Green Horizons Newsletter - AgEBB

Green Horizons

Volume 9, Number 2
Spring 2005

Plant it Right: Urban Tree Planting Tips To Make the Most of Your Trees

While nursery professionals recommend planting trees in late fall or early winter, for a variety of reasons most people associate this arbor activity with spring. If you are planning to plant a tree in the coming weeks, consider the following points.

Container grown seedlings are effective in urban tree plantings.
THINK BEFORE YOU PLANT. Place a wooden stake where each tree will be planted. Now step back and envision that fourfoot tree you are about to plant 20 years from now when it is 40 feet tall with a crown spread of 30 feet. Is it too close to the house? What about overhead power lines or underground water, gas or sewer lines? It is much easier to readjust stakes than planted trees.

BIGGER IS NOT BETTER. Homeowners often forego bare root seedlings because of their relatively small initial size compared to container-grown or balled and burlapped (B&B) trees. They want instant shade and worry-free mowing. But, bare root seedlings usually have a better balance between their shoots and roots. Oftentimes in a few short years they can equal or even surpass their big brothers and sisters. To be in some sort of balance, a B&B tree with a trunk diameter of 2" should have a soil ball that is at least 24" in diameter. Remember that the more instant shade gratification you desire, the bigger the tree, the bigger the soil ball, the bigger the expense, and the bigger the risk of failure.

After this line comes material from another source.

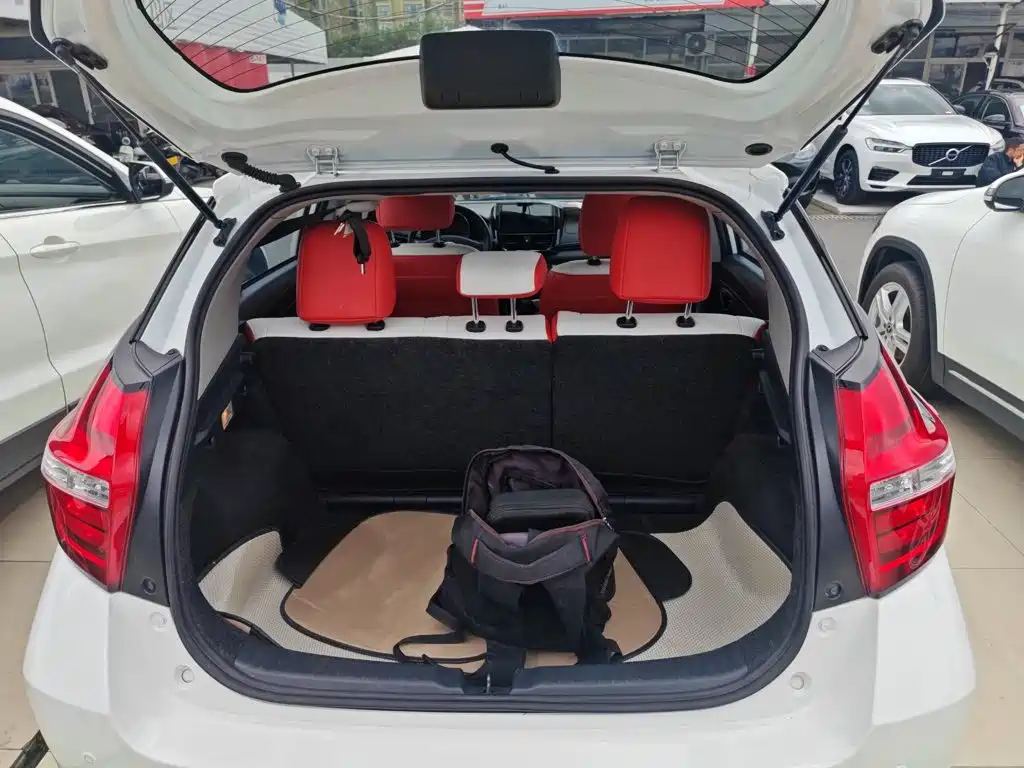 Toyota Yaris L 2020 — фото 15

SELECT A HEALTHY TREE. The bark should be intact and there should be no missing buds, particularly at the top of the main shoot. Missing terminal buds will create a "bushier" tree until one of the lateral branches assumes dominance and in most instances such trees will require corrective pruning to help the tree regain its natural shape. Bare root seedlings should have a fibrous root system. Container-grown and B&B trees should have a firm, symmetrical soil ball. Roots should occupy the entire volume of the soil ball, but should not be a solid mass of circling roots. This can lead to poor anchorage or even girdling (strangling) of the trunk (see GH Vol. 8, No.2 for more information on stem girdling roots).

PLANT IT RIGHT. For bare root seedlings dig a hole to fit the root system. Set at the same depth the tree grew in the nursery. Make sure to spread the roots out as you replace the soil. Fill the hole half full of soil and tamp well. Finish filling hole and tamp with feet.

For container-grown and B&B trees, dig the hole only as deep as the soil ball and 2-3 times wider than its diameter. If no roots larger than ˝" in diameter are found by probing 2" deep, on top of the ball, plant the tree 2-3" higher than the ball depth and remove the excess soil from the top of the ball. In addition you should loosen the surrounding soil 8-12" deep. This area should be equal to two to three times the diameter of the tree’s soil ball.

CLAY SOIL IS BAD. Clay soils do not foster good root growth. If you can form a soil "ribbon" greater than one inch long by pressing a moistened sample between your thumb and forefinger your soil contains too much clay. Peat moss and compost can help create a more favorable environment for root growth. But, these should be used in moderation (less than 20% of the soil volume) or else new roots will never want to venture out into the "real world".

KEEP TURFGRASS IN CHECK. Turfgrass roots compete strongly with tree roots for water and minerals. Establish a "weed-free" zone around your new tree as wide as is acceptable to you. Once the competition has been removedkeep it in check by mulching the area. Mulch should be no deeper than 2-4" and should be tapered so that it is less than 1" deep next to the trunk.

SECURE THE TREE. For container-grown and B & B trees staking is recommended if the tree is located in an area exposed to strong winds. However, secure the tree no higher than onethird of its height from the ground so that the top of the trunk can sway in the wind. To prevent injury to the tree trunk use rubber hose or specialty fabric straps to attach the tree to the supports.

WATER, BUT NOT TOO MUCH. The single most important survival factor of newly planted trees is soil moisture during the first few months after planting. It is equally important to keep in mind that over-watering new trees during hot conditions can kill them almost as quickly as a lack of water.

An effective way to deliver water is drip irrigation. The simplest method is to take a 5-gallon plastic bucket, drill 18-inch diameter holes in the sides near the bottom, and place the bucket next to the tree. This allows water to slowly trickle into the root zone. To estimate how much water to irrigate with, calculate the volume of the root zone in cubic feet and add about 2 gallons per cubic foot. For example, a tree bought in a 5-gallon container will have a volume of 1/2 cubic foot. So, unless it rains the tree should receive about one gallon of water three times per week.

Keeping these points in mind will help ensure that the time and money you invest today will pay off in many restful naps under the shade of tomorrow’s tree.